A Church Audio System for Traditional and Contemporary Services, Part 2
Dec 16, 2010 4:52 PM,
With Bennett Liles
Listen to the Podcasts
Editor’s note: For your convenience, this transcription of the podcast includes timestamps. If you are listening to the podcast and reading its accompanying transcription, you can use the timestamps to jump to any part of the audio podcast by simply dragging the slider on the podcast to the time indicated in the transcription.
At Arapaho Road Baptist Church in Garland, Texas, they hold a traditional service and a contemporary service, but their technical requirements force them to be held in different rooms. …
Holding a traditional and contemporary service back to back with vastly different sound requirements proved to be a challenge for Arapaho Road Baptist Church in Garland, Texas. Dispersion Design was called in to devise a quick tech transition between the two and Luke Raymond is here to wrap up his talk on how it was done.
SVC: All right, Luke—Luke Raymond with Dispersion Design—thanks for being back with me for part two on the Arapaho Road Baptist Church installation with Aviom and several other things. You’re in Carrollton, Texas.
That’s correct and thanks again for having me. [Timestamp: 1:00]
I understand now with the Aviom system on stage there, which really speeds things up in the transition between the regular service and the contemporary service and getting all your technical ducks in a row between the two. You also put in some Ace backstage floor pockets. How did that go?
So I’ve always been very impressed with Ace backstage and impressed with the quality of their product as well as the custom engraved panels that they’re able to provide. The pockets are able to provide such a variety of different inputs that it’s very nice to be able to provide a customized stage set up for whatever the church that we’re installing for is, and we can put the Aviom outputs directly into the pockets around stage and then that reduces the clutter considerably. [Timestamp: 1:49]
Yes, so well, you’ve got some twisted pair running around a little bit.
That’s correct. We decided to re-install or replace all of the audio wiring in the entire main auditorium, and there was existing wiring there as well as existing wiring to the stage, but it was 20 years old or over 20 years old, and it’s always difficult to know until you get into the crevices where these wires are going to go and what sort of condition they’re in. We replaced everything.

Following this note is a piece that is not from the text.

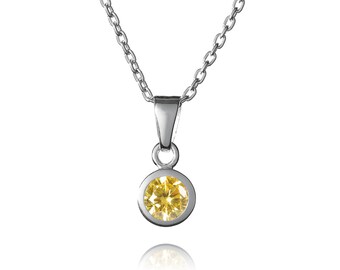 Sterling Silver November Birthstone Necklace - Birthstone Jewellery - November Birthday - Birthday Gift Ideas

We replaced all the audio lines, ran new Cat-5 lines as they were no Cat-5 lines existing, and that gave us complete control over where the wires were going and what quality the wires were that were being put in place. [Timestamp: 2:38]
Right, and I guess then from that point on at least everybody knew where they went whereas before that, you rarely [could] find any specific documentation on where all this stuff goes and how the wiring is done.

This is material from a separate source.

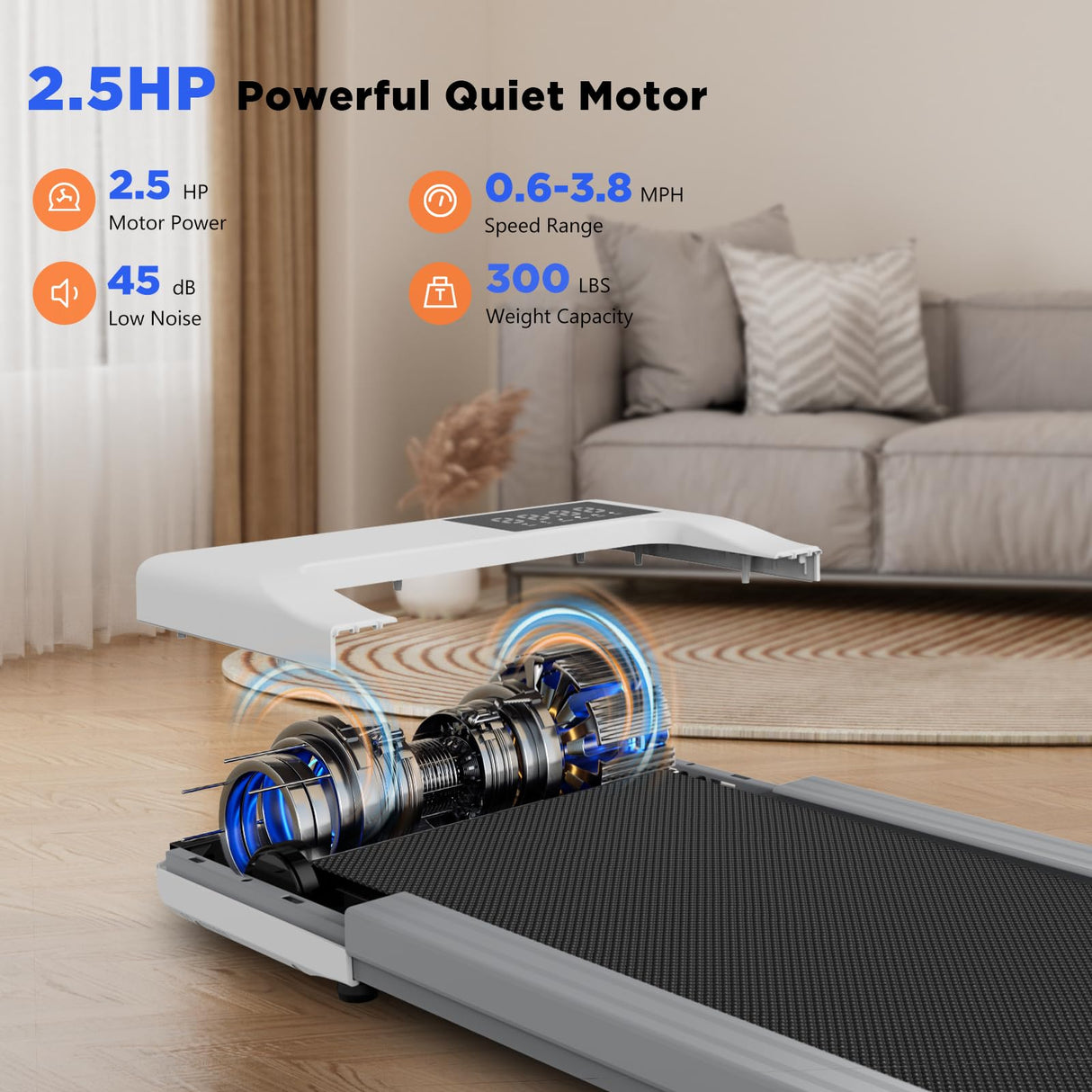 SupeRun Walking Pad, Under Desk Treadmill, 3 in 1 Portable Treadmill with Remote Control LED Display, 2.2 HP Quiet Walking Jogging Machine for Office Home Use, 300 Lbs Capacity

That is correct. We at Dispersion like to make sure that everything is very well labeled and everything is well documented, and we provide our customers with our final documentation that explains how to find everything and how everything is labeled, but that’s probably the exception. What we are finding is that a lot of installers are not doing that and so when we come in it can be quite difficult to figure out what is currently there and where it does go. [Timestamp: 3:13]
And I noticed—I think I saw this listed somewhere—you have the Aviom A16 DA net distributors. How do they fit into all this?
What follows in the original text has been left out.